[WORK ORDER]:
The material below includes pictures; leave them out and return only the lines between the line containing "ins风抽象裸女树脂摆件大理石底座创意书档客厅书房办公室摆件" and the line containing "Casa com 3 quartos", inclusive, word for word.

[PROVIDED DATA]:

===

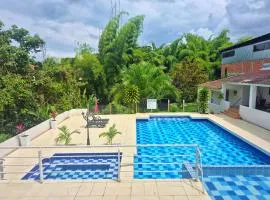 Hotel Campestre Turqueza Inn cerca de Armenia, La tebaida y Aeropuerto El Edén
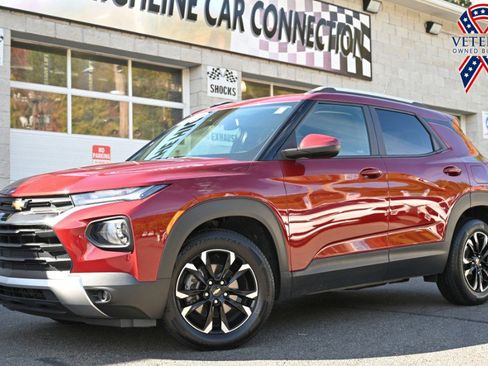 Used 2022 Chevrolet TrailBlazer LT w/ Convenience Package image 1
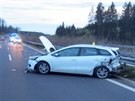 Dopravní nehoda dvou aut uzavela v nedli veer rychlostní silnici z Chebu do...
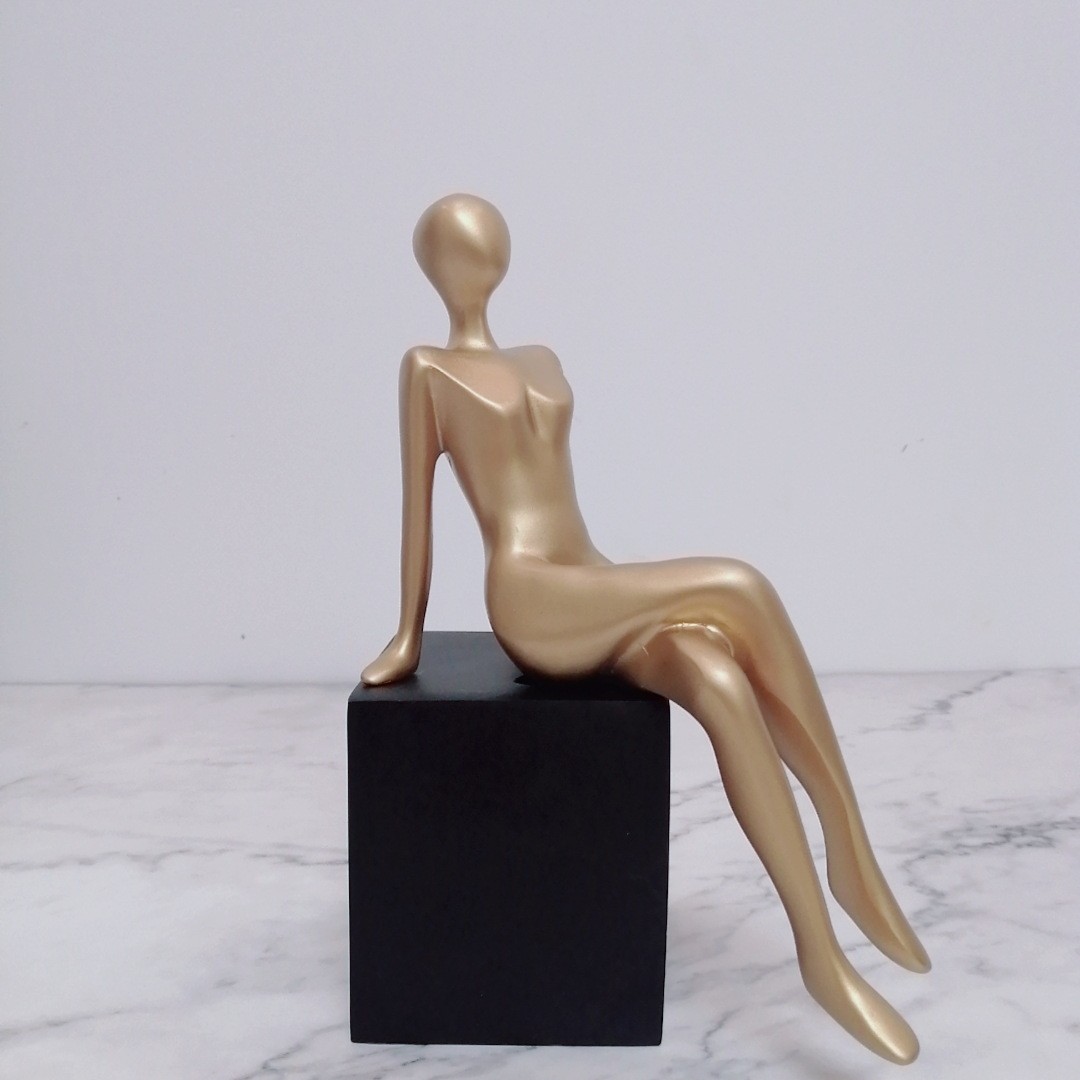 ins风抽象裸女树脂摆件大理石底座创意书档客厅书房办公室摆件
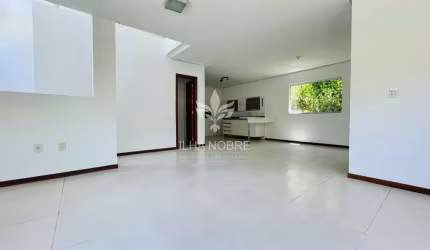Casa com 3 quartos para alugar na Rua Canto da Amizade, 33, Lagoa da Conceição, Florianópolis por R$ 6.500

===

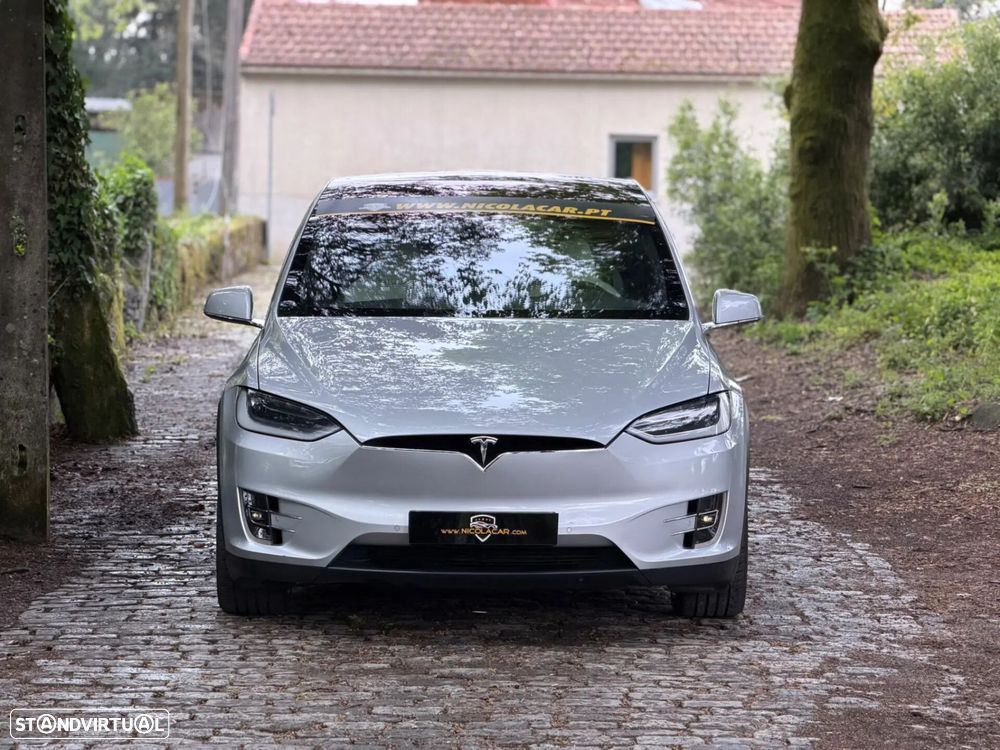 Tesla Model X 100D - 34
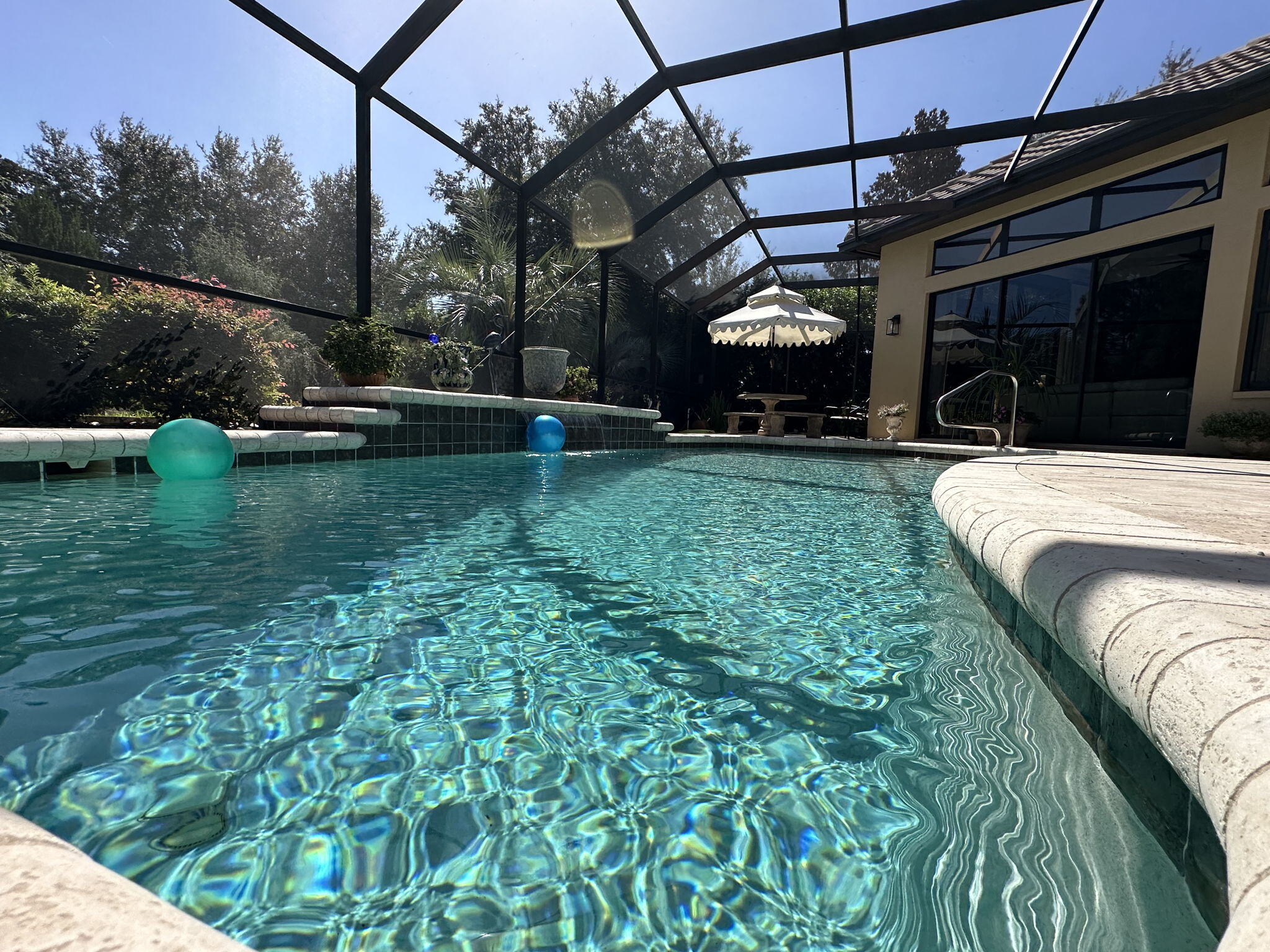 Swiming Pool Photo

===

[RESULT]:
 ins风抽象裸女树脂摆件大理石底座创意书档客厅书房办公室摆件
Casa com 3 quartos para alugar na Rua Canto da Amizade, 33, Lagoa da Conceição, Florianópolis por R$ 6.500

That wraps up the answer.